だけど僕は今まさに両手に手錠をかけられていた。

犯罪なんかした覚えもないのにね。

だけど僕は知らなかったんだ。

亡くなった奴がいて、僕の知り合いだったってこと。




「ねぇ、ちょっと。なんで僕がこんな目に?」

「は?覚えてないってか?お前がした事だ。罪を償え。」

「罪って何だよ?僕は何もしてないよ。」

「それが罪だとなぜ気づかない。お前のせいであいつは死んだんだ。それを…それを…。」

「え?ちょっと待てよ!僕のせい?何で?何もしてない事がなんで罪になるんだ?何があったんだよ。教えろよ!」

「いいだろう…死ぬ前に懺悔して死ね。」


そう言って話し始めたのは僕が知らない奴のダチとかいうやつだった。




死んだ奴はクラスで浮いていた。よく言う虐めってやつだ。僕はそのいじめグループには参加してなかった。だけど見て見ぬ振りをしていた。

知ってはいたよ。

だけどさ〜、多勢に無勢、刃向かったらこっちが逆に的にされちまう。だから助けを無視したんだ。

それが続いたのは3ヶ月ほどだったかな?

ある日からバッタリとそいつは学校に来なくなったから…。担任は気づいていないようだった。

まぁ、気づいたって何もできなかっただろうなぁ〜?ここいらでは有名な札付きのワルばかりだったし、担任自体も歳だったから。定年までの腰掛けとしか見てなかったのだろう。


大体ひと月経った頃、教師もようやくきていないことに気づき、過去に遡って学校に来てないことに気づいた。
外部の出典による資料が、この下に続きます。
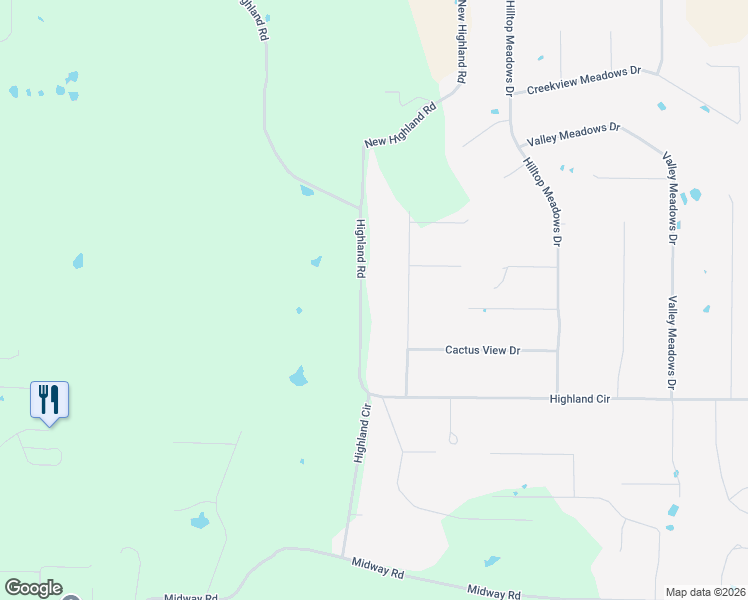 map of restaurants, bars, coffee shops, grocery stores, and more near 2833 Highland Road in Springtown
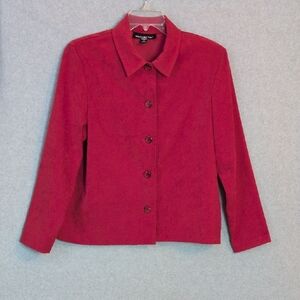 Briggs New York Red Microsuede Jacket Blazer Women's M
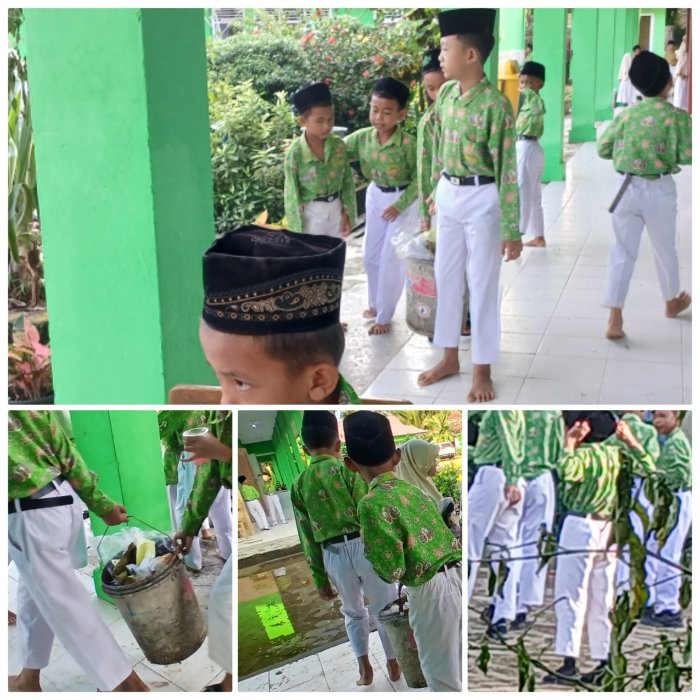 Siswa MIN 2 Muaro Jambi Gelar Aksi Bersih Pasca Banjir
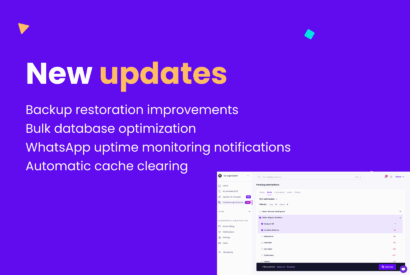 Image with purple background with a Modular DS dashboard screenshot in the bottom-right corner and white and yellow text that says “New updates. Backup restoration improvements, bulk database optimization, WhatsApp uptime monitoring notifications, and automatic cache clearing.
慌てた様子で授業を中断し、実習として自分は職員室に入る。

直ぐに自宅へ連絡するも、誰も出ない。

こうなると行くしかなくなる為、放課後を待ってその子の家に急いで向かう。


すると玄関には喪中の紙がかけられており、何かあったのかと教師も不安になりながらも玄関のチャイムを鳴らす。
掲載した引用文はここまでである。